Les regards se tournèrent vers Nïmsâtt, jusqu’alors restée muette.

— Il s’agit d’une arme réalisée par application d’une technologie reposant sur l’émission stimulée de rayonnement électromagnétique. Les industriels utilisent le principe à des fins civiles, dans la métallurgie, pour la découpe précise de plaques d’acier. Le rayon est invisible et silencieux. Son efficacité dépend de sa durée d’application sur la cible. Celle-ci peut être atteinte à la vitesse de la lumière avec une très grande précision, sur des trajectoires rectilignes. L’arme n’est pas onéreuse : son utilisation ne coûte guère que l’électricité qu’elle consomme. Son maniement n’est pas dangereux : l’arme ne comporte pas d’explosif ni quelque poison chimique. Elle est transportable sur des vaisseaux maritimes ou aériens...

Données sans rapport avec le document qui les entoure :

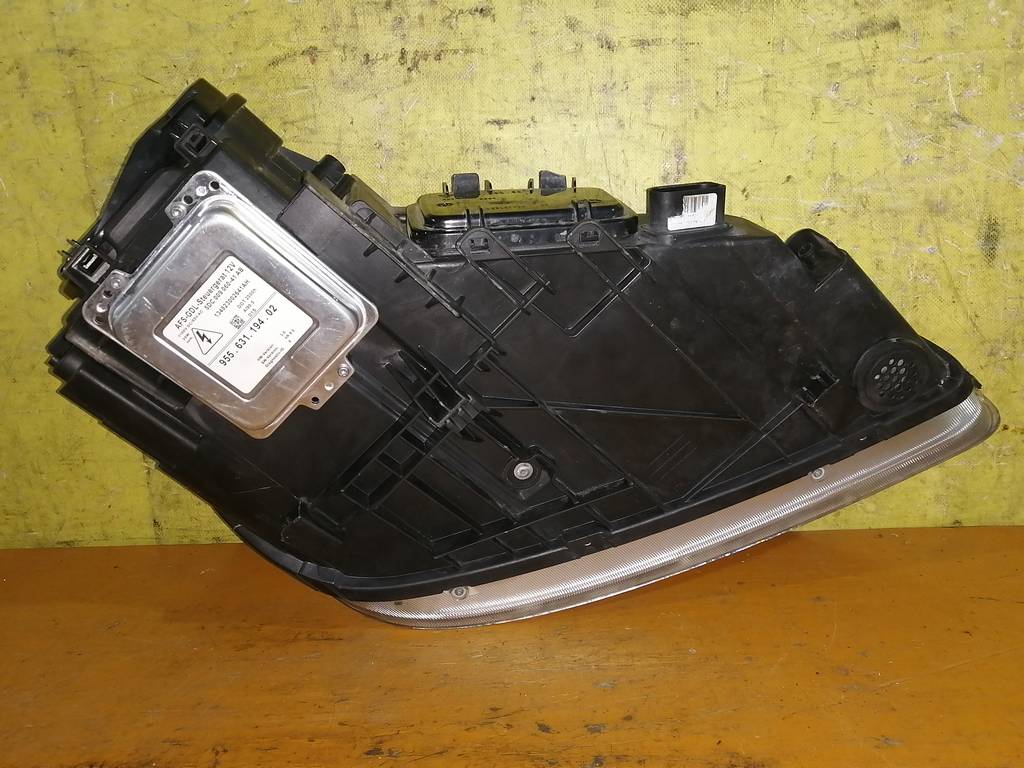 фара Porsche Cayenne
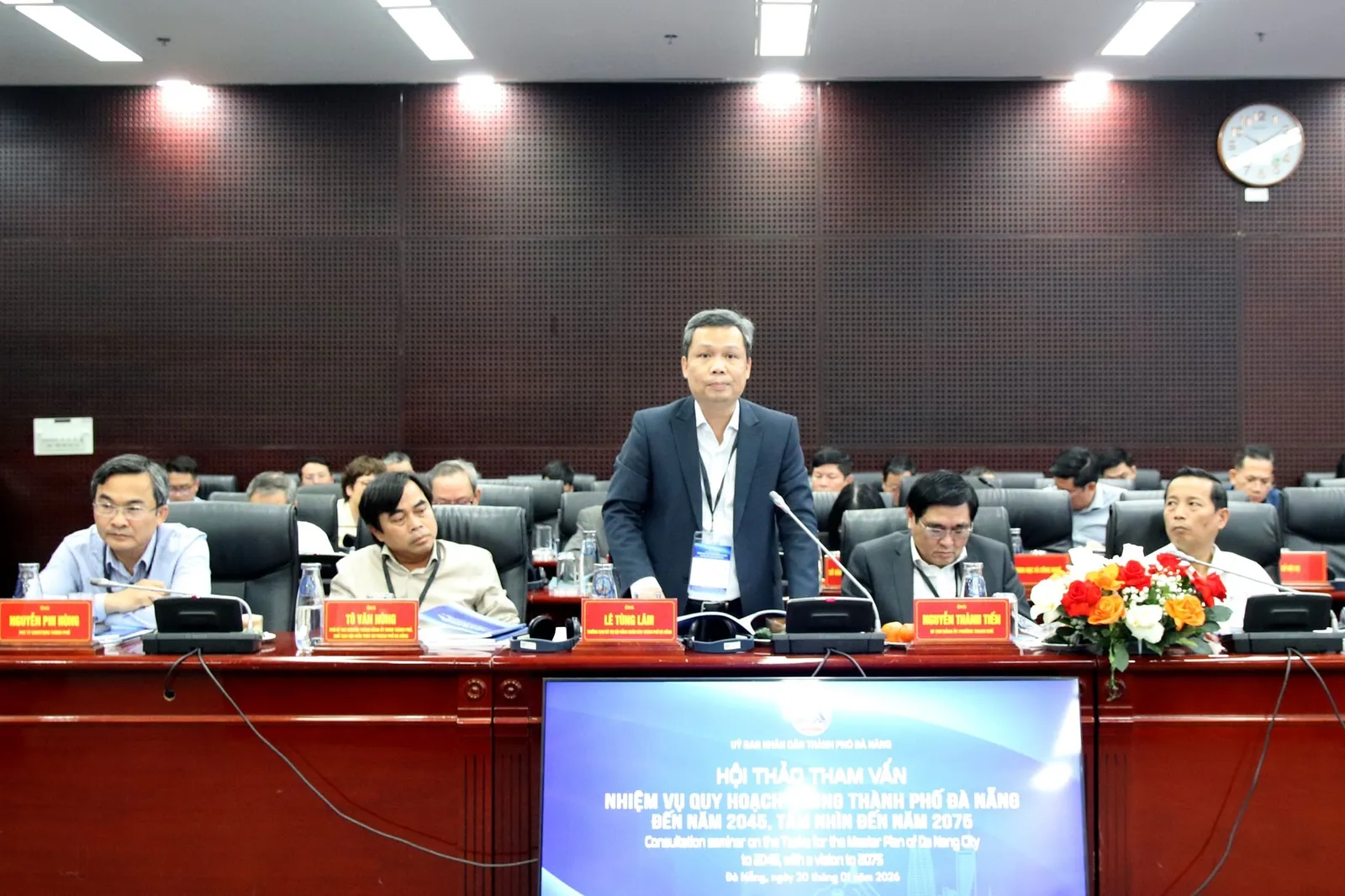 Trưởng ban Đô thị HĐND thành phố Lê Tùng Lâm phát biểu tại hội thảo.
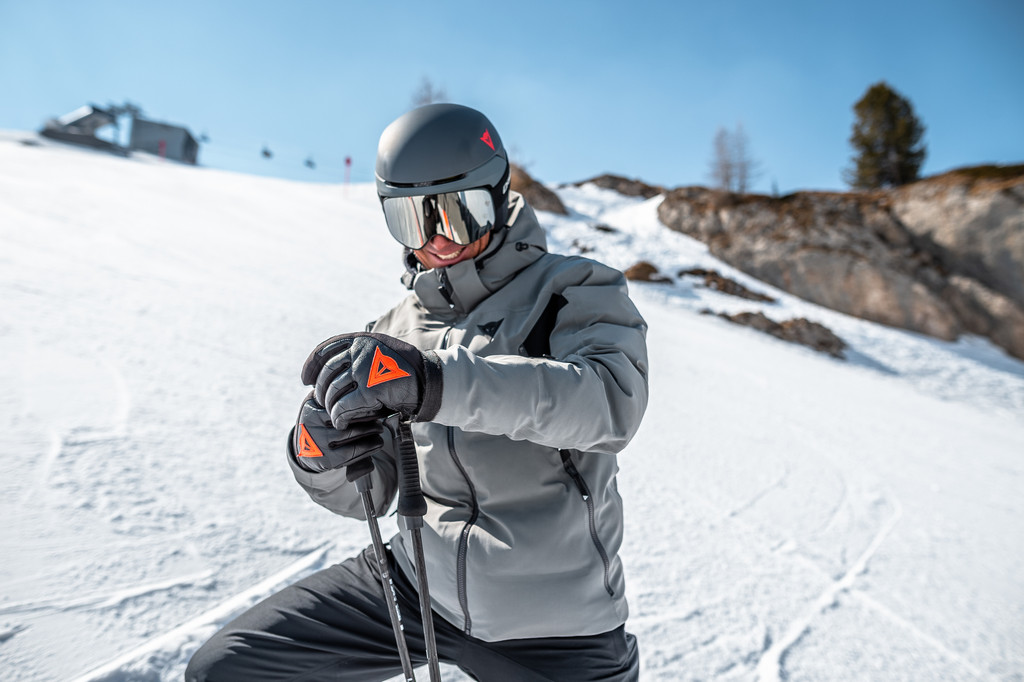 Guida alla scelta della maschera da sci: la protezione perfetta per le tue  avventure sulla neve! 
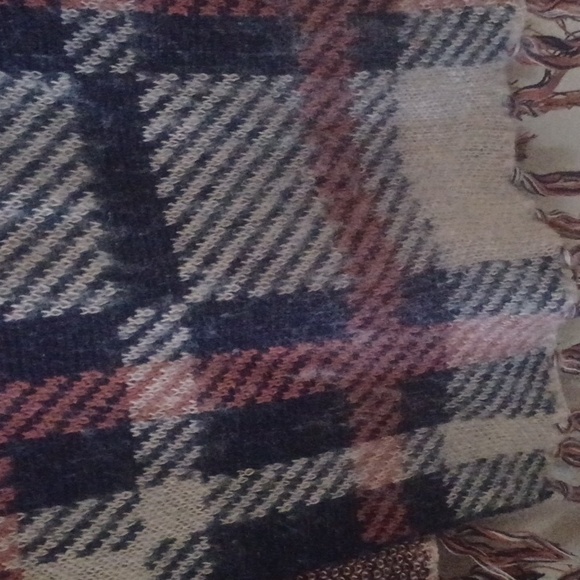 Sweater - Picture 4 of 4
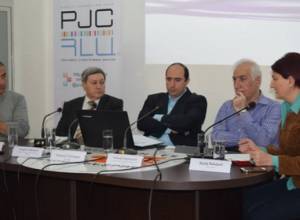 Գազի սակագինը կարող է նվազել՝ 56, իսկ էլեկտրաէներգիայինը՝ 10 դրամով. տնտեսագետ
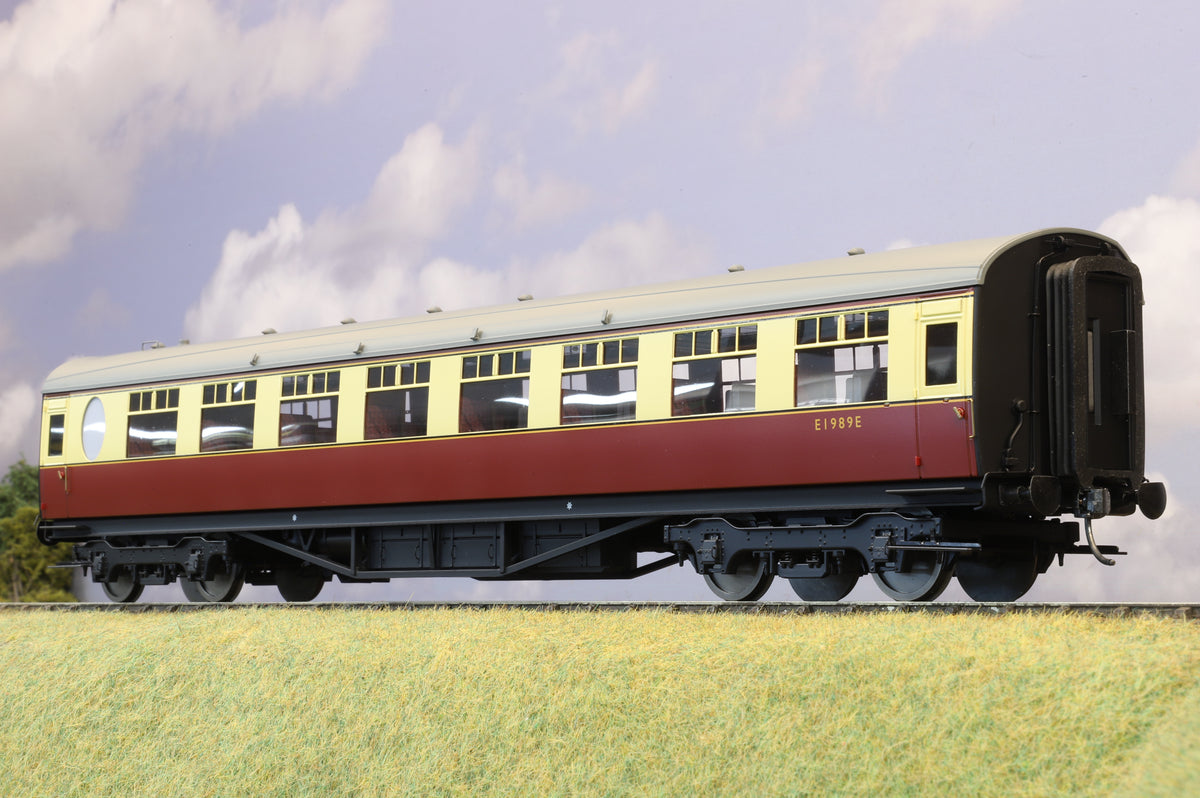 Darstaed Finescale O Gauge BR Thompson First Class No. E1989E, Crimson & Cream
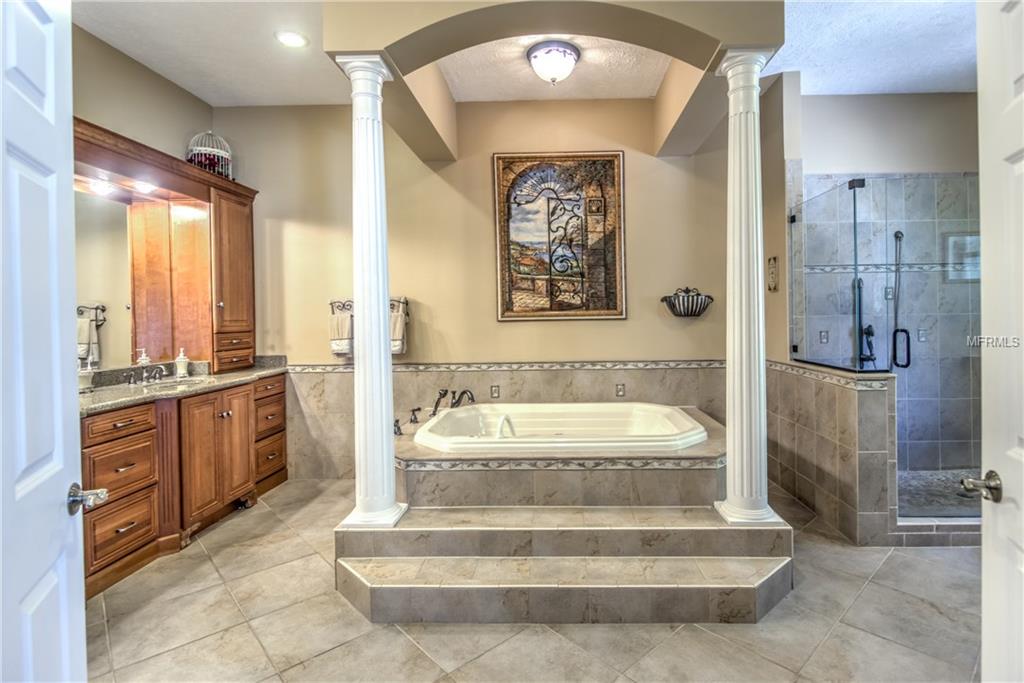 1009 CENTERBROOK DRIVE, BRANDON, Florida 33511, 5 Bedrooms Bedrooms, 5 Rooms Rooms,3 BathroomsBathrooms,Residential,For sale,CENTERBROOK,T2912780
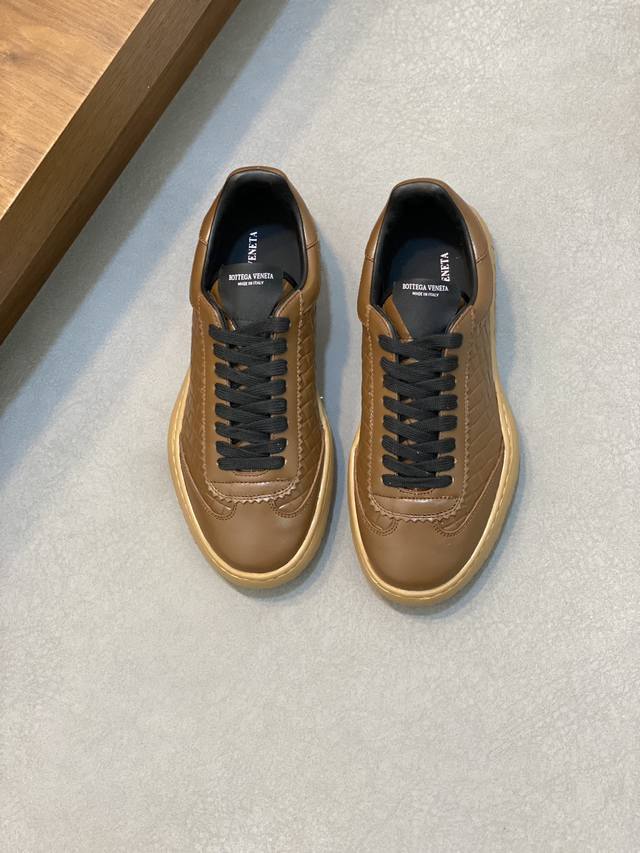 bottega Veneta男士apollo运动鞋 以轻快舒适的步调，奔赴下一站 此款休闲鞋是尼龙和绒面牛皮系带运动鞋 材料：织物拼接牛皮和牛反绒 橡胶大底 S
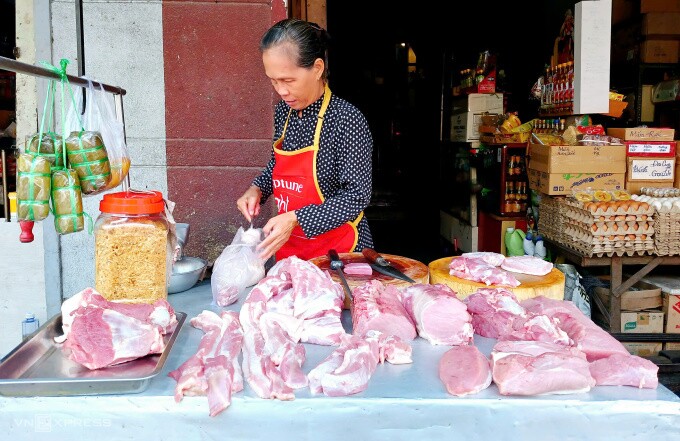 Nhiều hàng hóa tăng giá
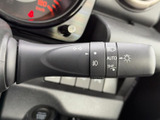 レバーには操作位置を示す表示がまとまり、運転席から確認しやすい構成です。手元で扱いやすく、周囲の状況に応じた操作をスムーズに行える便利な装備です。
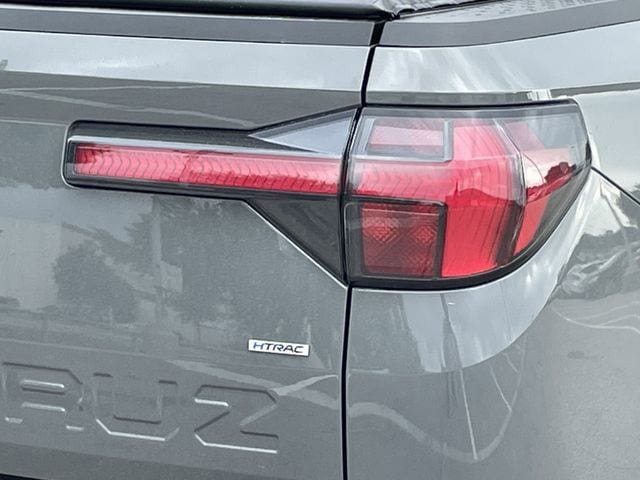 Used 2023 Hyundai Santa Cruz SEL AWD/4WD image 6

Nïmsâtt se tut, comme émue par l’implication de ses propos. Elle ne put s’empêcher d’y adjoindre une note plus personnelle :

— … Pour le moment, l’efficacité destructrice en est limitée à des objets légers. Elle serait indiquée pour éliminer des drones, par exemple, ou des batteries d’artillerie. Je souhaite qu’elle ne soit pas employée contre des êtres humains. Un canon pourrait équiper un vaisseau maritime, au Sud, pour protéger les Olghods contre une percée adverse et couvrir aussi le passage de réfugiés Djaghats. Un autre canon serait utile, au Nord, équipant un vaisseau spatial, pour protéger la ligne de défense assurée par Ferghan. Cette ligne est vulnérable. Nasrul a confiance en la valeur militaire de son fils. Je partage cette confiance et j’admire les aptitudes de Ferghan à la manœuvre. Mais il est tout jeune. Je serai inquiète tant qu’il ne bénéficiera pas du soutien logistique que représenterait le vaisseau armé.

— À combien de temps, Nïmsâtt, estimes-tu le délai de livraison ?

La question émane du roi Ygrem.

— Notre prototype est trop petit pour accueillir l’arme électromagnétique. Un nouvel astronef vient d’être mis en chantier. Quant aux canons eux-mêmes, ils peuvent être prêts dans deux ans, si les essais sont concluants. Au total, il est raisonnable de compter trois années pleines.

Le fait que Santem s’attendît à cette réponse n’empêcha pas qu’elle le plongeât dans une grande préoccupation. Comment tenir la situation militaire, trois années durant, sans moyen matériel et humain de faire face ? À ce souci vint, la même semaine, s’adjoindre la nouvelle qui allait faire basculer le royaume des Terres bleues : les industriels nas­sugs de Iésé et de Syr-Massoug viennent de proclamer la constitution d’une Ligue des Industries Autonomes. Elle couvre le tissu des entreprises bordant le littoral méridional des Terres bleues et des Terres noires, depuis Syr-Massoug jusqu’à Iésé et au-delà encore, à l’Ouest. Pour Ygrem, il s’agit d’une fronde dirigée contre la Couronne par les élites industrielles et bancaires du Royaume. Clairement, elles se sont liguées pour refuser les dispositions sociales. Cela peut aussi bien signifier la fin du Royaume et, peut-être, de l’Union elle-même.